This query should not be selecting 15k rows... when it only returns 50 descriptions in the result

Event Timeline

Ladsgroup added subscribers: EBernhardson, dcausse, Gehel.

It seems the issue is that while the API has the 50 limit, the CirrusSearch doesn't enforce it and tries to load thousands of pages. In fact, the only reason this hasn't brought down all of Wikipedia is a "sanity check" put by @Tgr in the description fetching part of the API to limit it to 5K. I can reduce that number for now until the underlying issue is resolved (making a patch right now) but this seems like a rather big issue that needs to be addressed somewhere else.

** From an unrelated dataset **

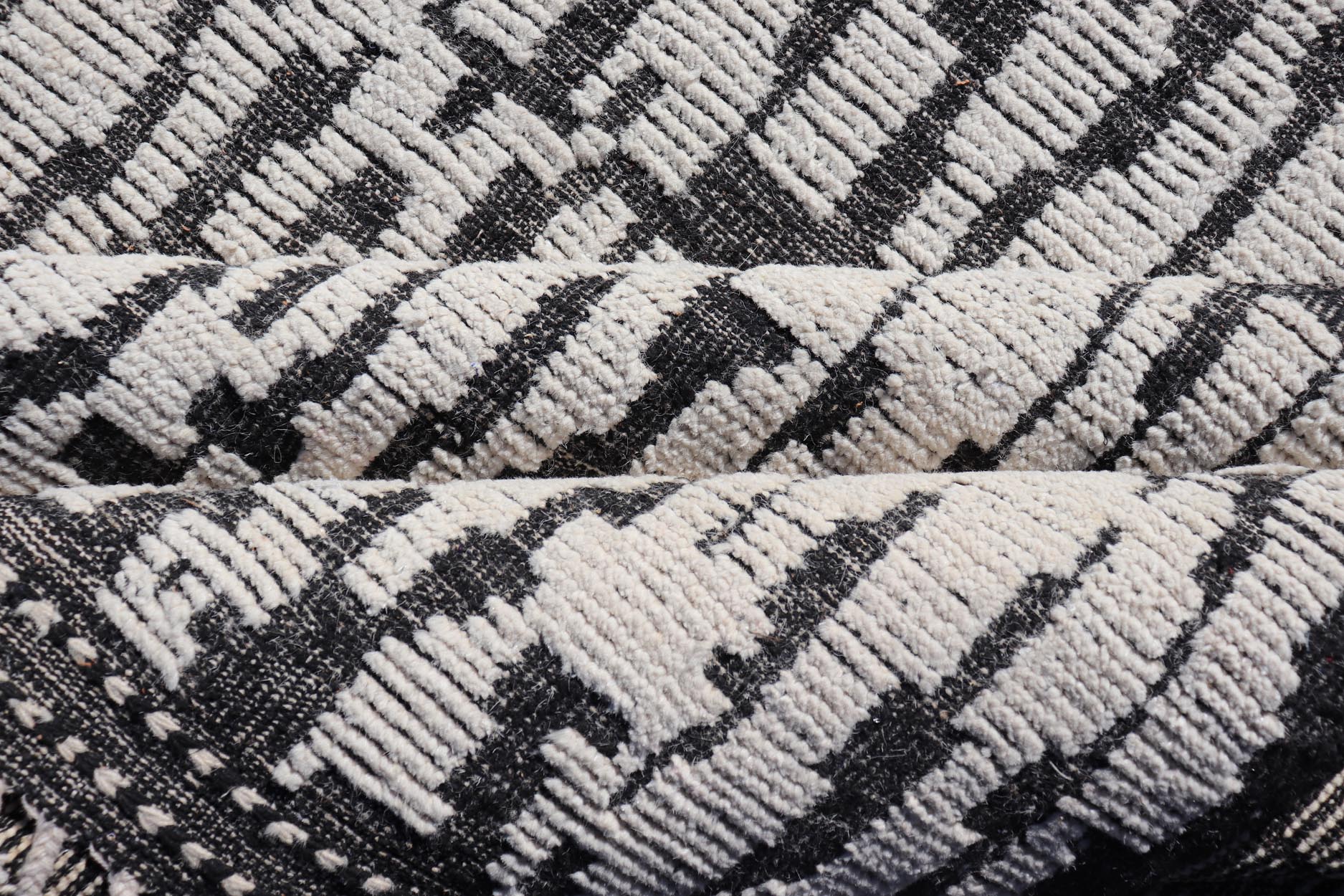 Moroccan Contemporary Abstract Rug in White and Black With All - Over Design. Keivan Woven Arts; rug MSE - 12899 Country of Origin: Afghanistan Type: Modern Casual Design: Abstract, Geometric, Contemporary. Measures: 9'10 x 15'1 This piece has uniq... - Keivan Woven ArtsMSE - 12899 - 25606Rug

Sorry for the false alarm, the problem is somewhere else.

Change 574582 had a related patch set uploaded (by Ladsgroup; owner: Ladsgroup):
[mediawiki/extensions/Wikibase@master] wbterms: only select entity terms that are requested

https://gerrit.wikimedia.org/r/574582

Change 574746 had a related patch set uploaded (by Ladsgroup; owner: Ladsgroup):
[mediawiki/extensions/Wikibase@wmf/1.35.0-wmf.20] wbterms: only select entity terms that are requested

https://gerrit.wikimedia.org/r/574746

Change 574582 merged by jenkins-bot:
[mediawiki/extensions/Wikibase@master] wbterms: only select entity terms that are requested

https://gerrit.wikimedia.org/r/574582

Change 574746 merged by jenkins-bot:
[mediawiki/extensions/Wikibase@wmf/1.35.0-wmf.20] wbterms: only select entity terms that are requested

https://gerrit.wikimedia.org/r/574746

Mentioned in SAL (#wikimedia-operations) [2020-02-25T14:35:36Z] <ladsgroup@deploy1001> Synchronized php-1.35.0-wmf.20/extensions/Wikibase/lib: [[gerrit:574746|wbterms: only select entity terms that are requested (T246005)]] (duration: 01m 02s)